Planet Drupal - Wed, 06/04/2016 - 11:42
The importance of being up to date Language English The importance of being up to date

Drupal is a secure system, but you really need to keep your software up to date. Code Enigma director responsible for support services, Greg Harvey, explains why this is so important.

Wed, 2016-04-06 10:42By greg

In light of the much talked about #PanamaPapers leak, it seems there has never been a better time to talk about keeping your software up to date. It has been reported by Forbes that a possible (if not the most significant) vector of the leak was a Drupal vulnerability, well publicised a few years ago, called Drupageddon. This story has been picked up by the Drupal.ovh website, which ran a piece last night on Drupal's possible involvement in the scandal.

The author of that piece rightly points out:

Since there is no single entity to blame for Drupal or other Open Source CMSes, as opposed to commercial entities like Oracle or Microsoft - there will likely be no fingerpointing in this issue.

But then goes on to say:

Increased awareness of web services security matters is required from the Open Source [communities] so that we will avoid large information leaks in the future.

We beg to differ! Sure, nobody is saying we can't improve on developer awareness, and that's true absolutely across the board in every developer community. But hindsight is always 20/20 and that kind of comment carries an implied "mea culpa" for open source software that, in my opinion, is totally misplaced and maybe even a little dangerous.

And more importantly, it has nothing whatsoever to do with the issue at hand! It really doesn't matter what software is or is not behind the leak. The principle point is this: it is alleged that the affected company, Mossack Fonseca, was running a version of Drupal more than two years old (7.23*) as its customer portal software. More than two years old!

Many information security specialists around the world (ourselves included) will tell you the first, single, most important thing anybody can do to protect themselves from infiltration and disclosure is keep their software up to date. It's a security 101. It is the first line of defence, the most basic number one priority, because researchers and hackers find security holes in software all the time. At Code Enigma we manage over 150 servers for our customers, we have the intrusion detection system (IDS) logs, we know we get scanned for known vulnerabilities like Drupageddon literally thousands of times a day! A colleague tells me he saw a Drupageddon attack this very week on another website (not managed by Code Enigma, I might add).
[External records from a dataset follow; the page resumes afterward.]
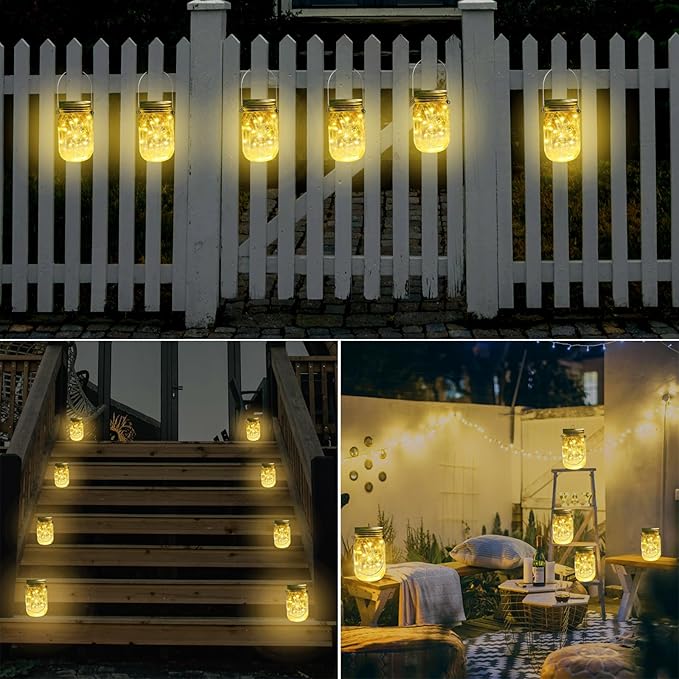 SmilingTown Solar Mason Jar String Light Lids 12 Pack 30 LED Fairy Firefly Inserts Lighting with 12 Hangers Waterproof for Outdoor Tree Patio Lawn Garden Decor, No Jars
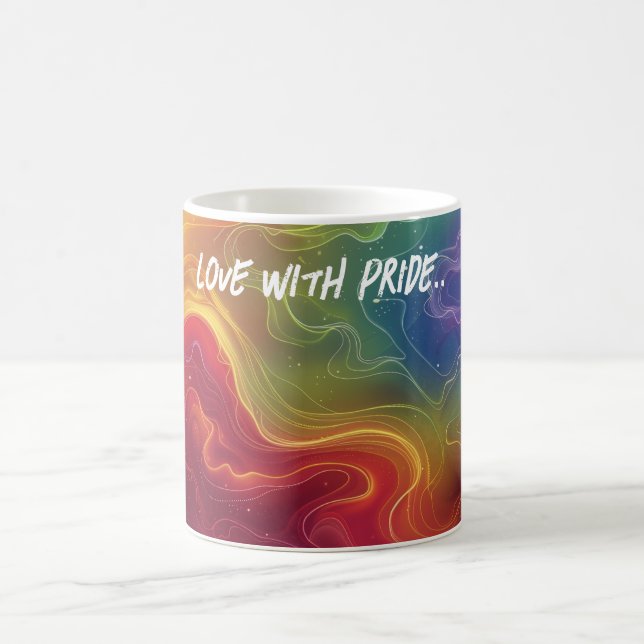 Taza De Café Amor por el arte digital del orgullo (Centro)
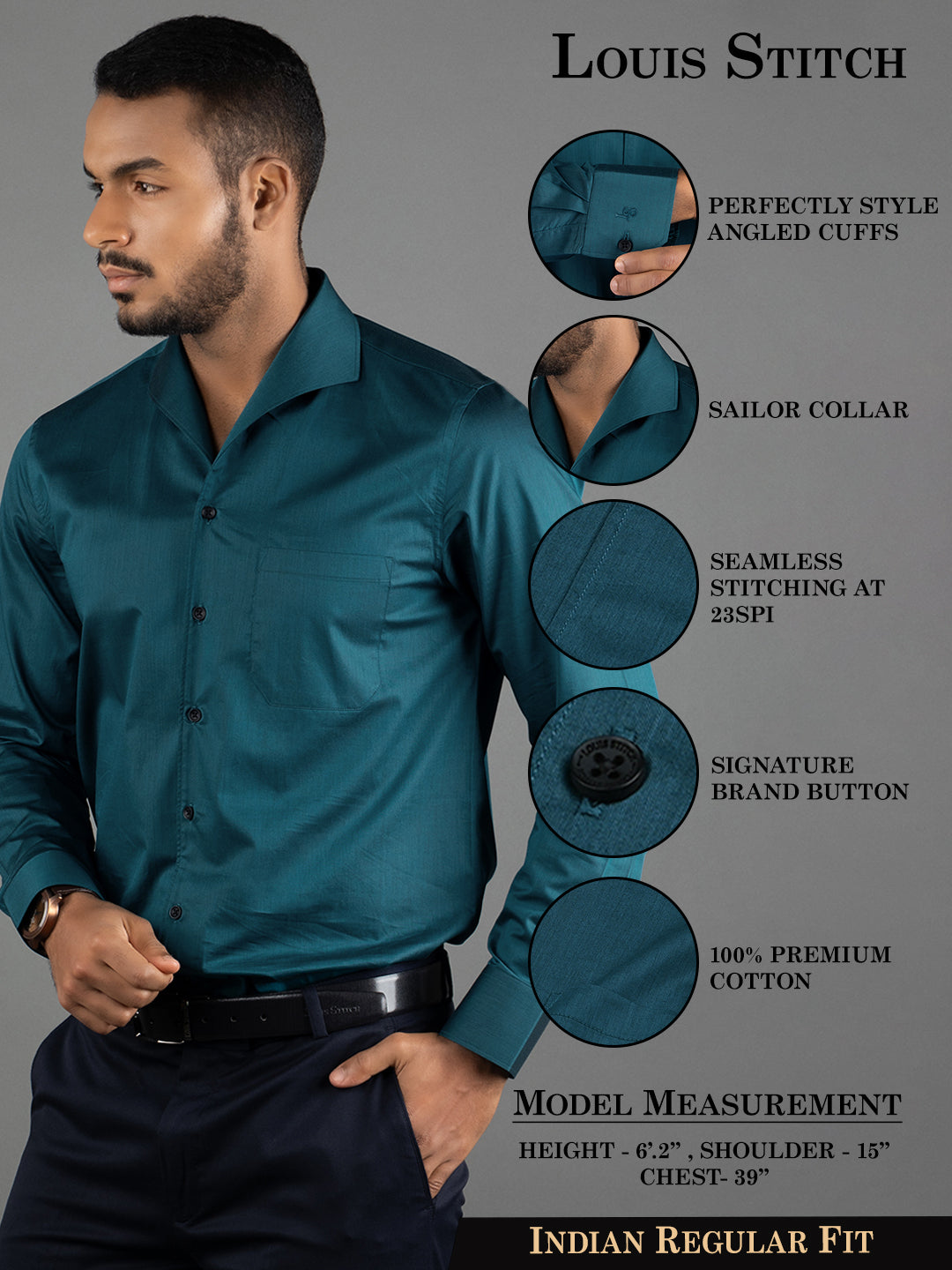 Men's Regular Fit Solid Green Formal Shirt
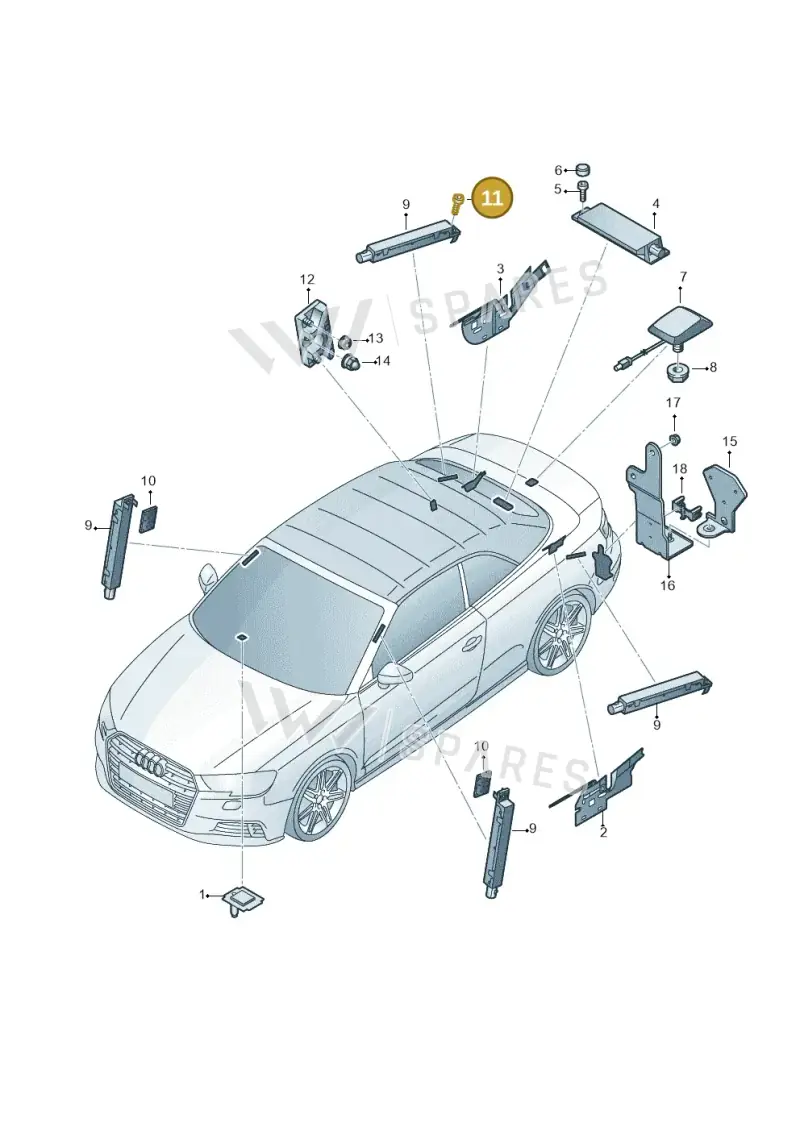 N10653801 — Audi A3 Cabrio (2016-2020) diagram 891035100, position 11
If the Forbes article is correct, and Mossack Fonseca were still running Drupal 7.23 in 2016, this is absolutely unforgiveable from a corporate infosec standpoint. There have been literally dozens of security fixes to Drupal since that date, allegedly none of which had been applied to Mossack Fonseca's (presumably) confidential client portal. The only thing I find astounding is that it took two years for this leak to break.

(Side point, but I find it telling Mossack Fonseca's official statement doesn't talk about their information security posture at all.)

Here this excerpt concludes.